§ Problem details: Look below for the line containing "Julia Kontogruni Bridal" and the line containing "2025 – STJUS", then set down both and every line between them exactly, without pictures.

§ Given data:
============================================================

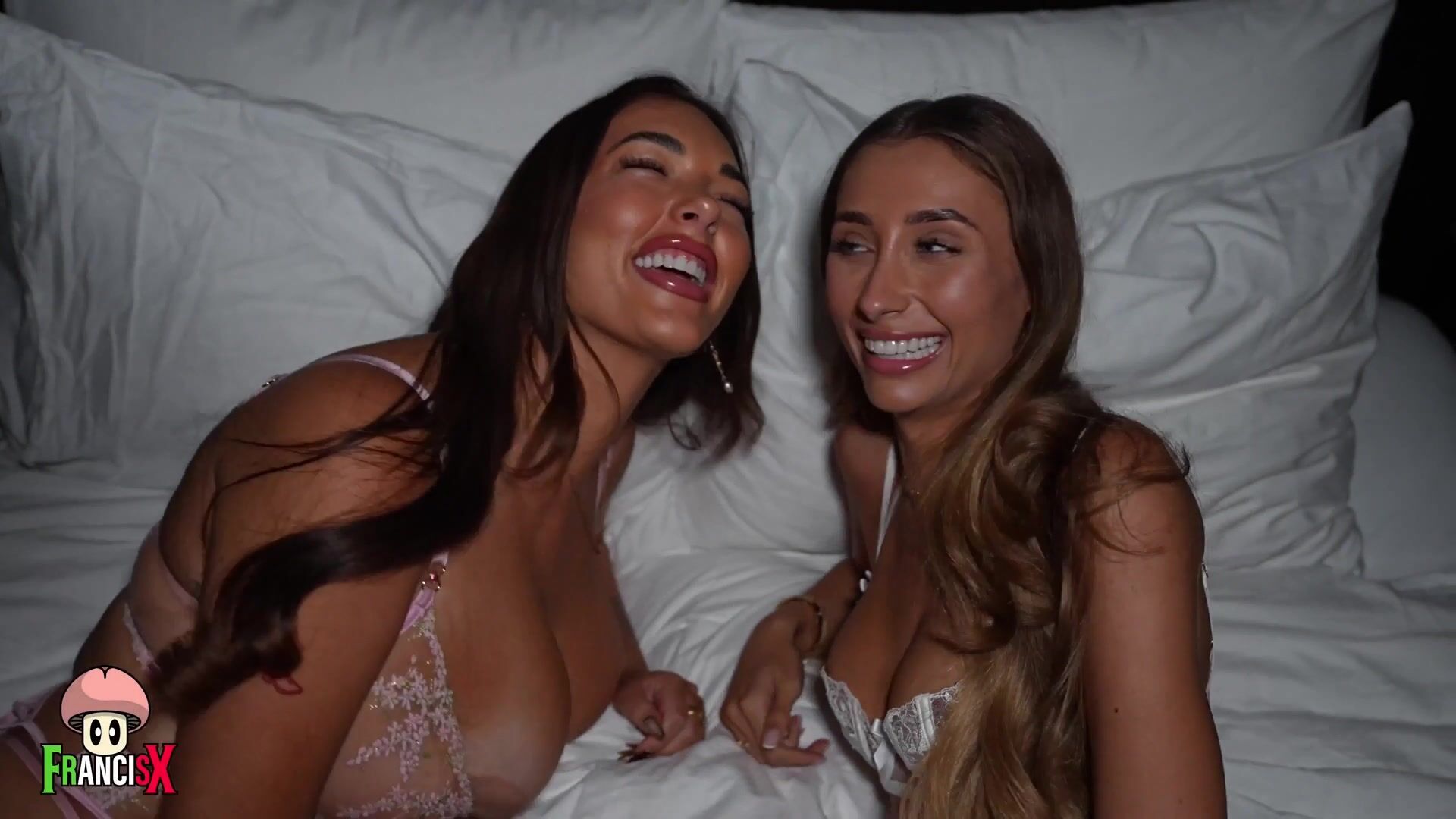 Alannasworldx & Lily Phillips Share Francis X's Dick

============================================================

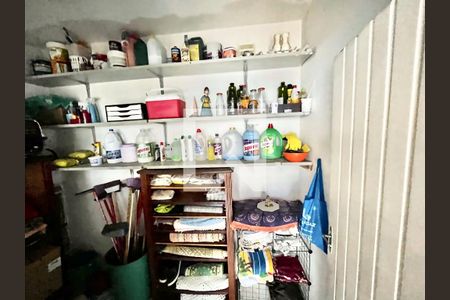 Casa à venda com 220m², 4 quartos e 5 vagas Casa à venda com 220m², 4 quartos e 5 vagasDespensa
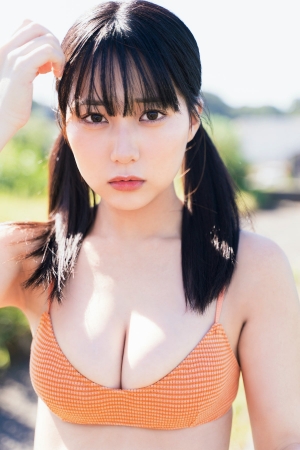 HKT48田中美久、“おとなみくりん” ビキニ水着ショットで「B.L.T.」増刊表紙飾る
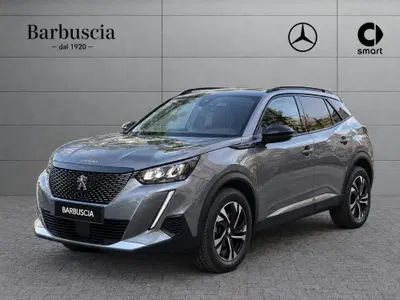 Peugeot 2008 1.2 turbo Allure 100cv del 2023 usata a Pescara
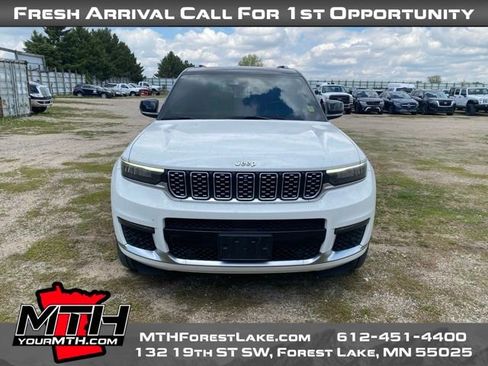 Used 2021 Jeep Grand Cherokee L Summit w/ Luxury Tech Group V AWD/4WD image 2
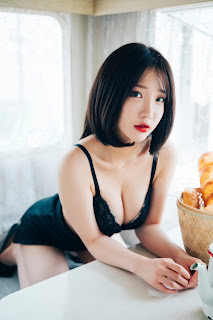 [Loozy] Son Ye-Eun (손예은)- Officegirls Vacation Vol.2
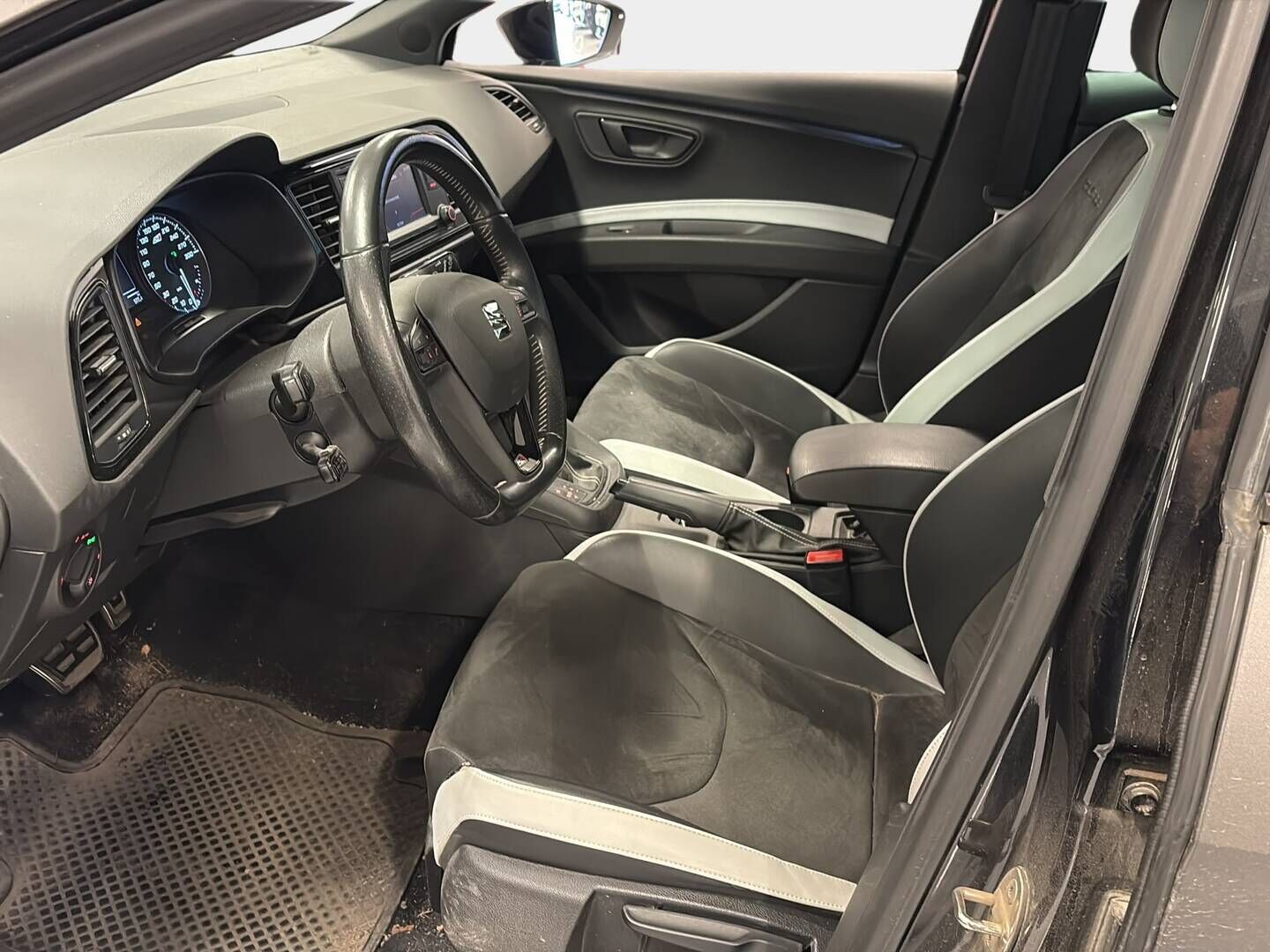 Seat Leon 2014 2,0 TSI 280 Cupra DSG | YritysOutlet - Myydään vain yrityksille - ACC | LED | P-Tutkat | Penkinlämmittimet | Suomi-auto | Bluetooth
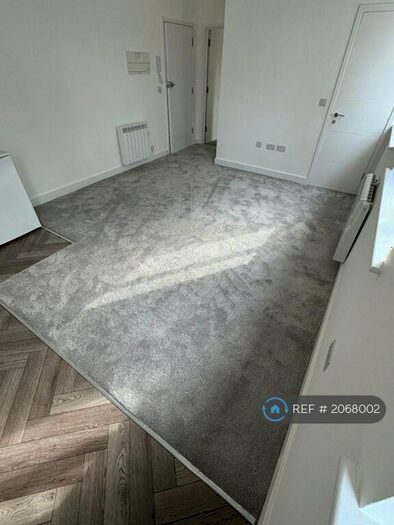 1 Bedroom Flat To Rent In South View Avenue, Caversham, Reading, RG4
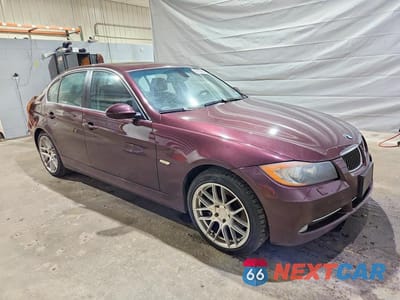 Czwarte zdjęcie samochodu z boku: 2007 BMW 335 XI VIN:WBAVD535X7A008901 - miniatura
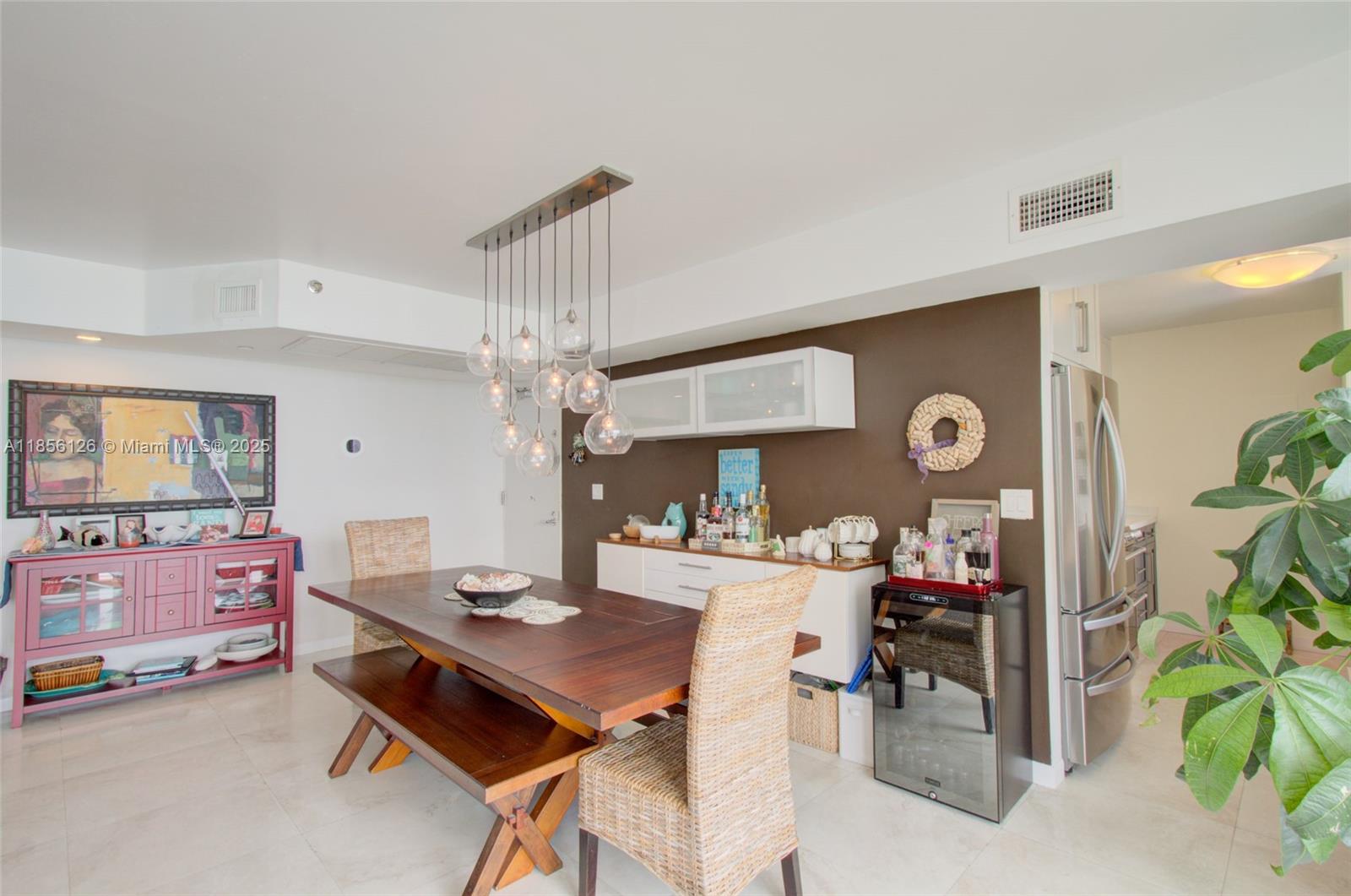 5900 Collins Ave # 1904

============================================================

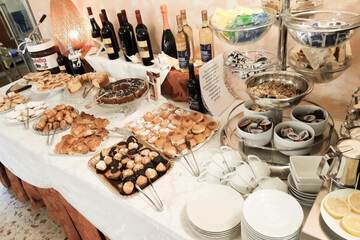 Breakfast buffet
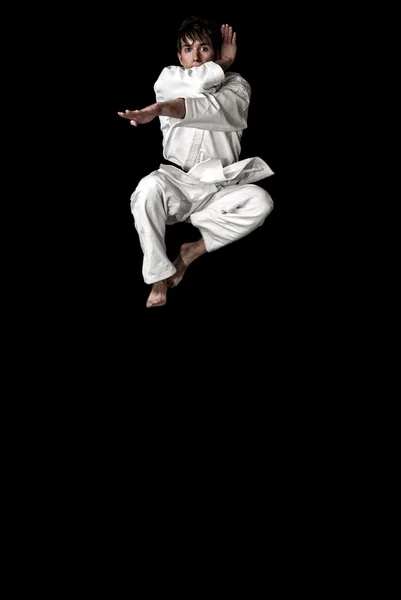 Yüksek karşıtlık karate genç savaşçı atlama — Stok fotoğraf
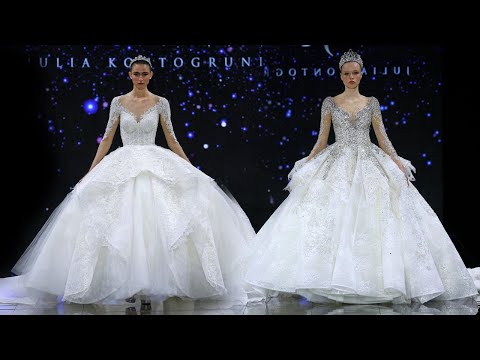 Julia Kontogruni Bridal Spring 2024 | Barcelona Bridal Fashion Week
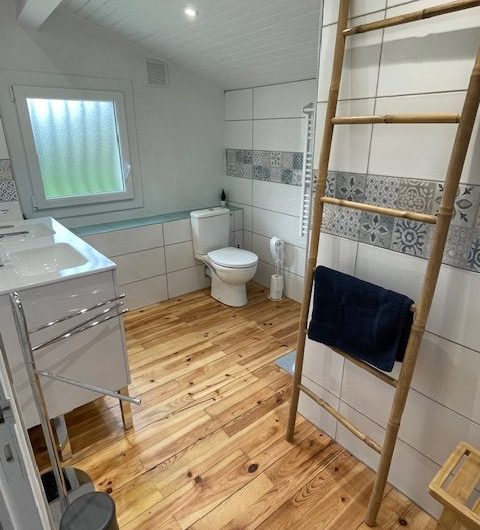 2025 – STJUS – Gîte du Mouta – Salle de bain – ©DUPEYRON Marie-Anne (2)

============================================================

§ Worked solution:
 Julia Kontogruni Bridal Spring 2024 | Barcelona Bridal Fashion Week
 2025 – STJUS – Gîte du Mouta – Salle de bain – ©DUPEYRON Marie-Anne (2)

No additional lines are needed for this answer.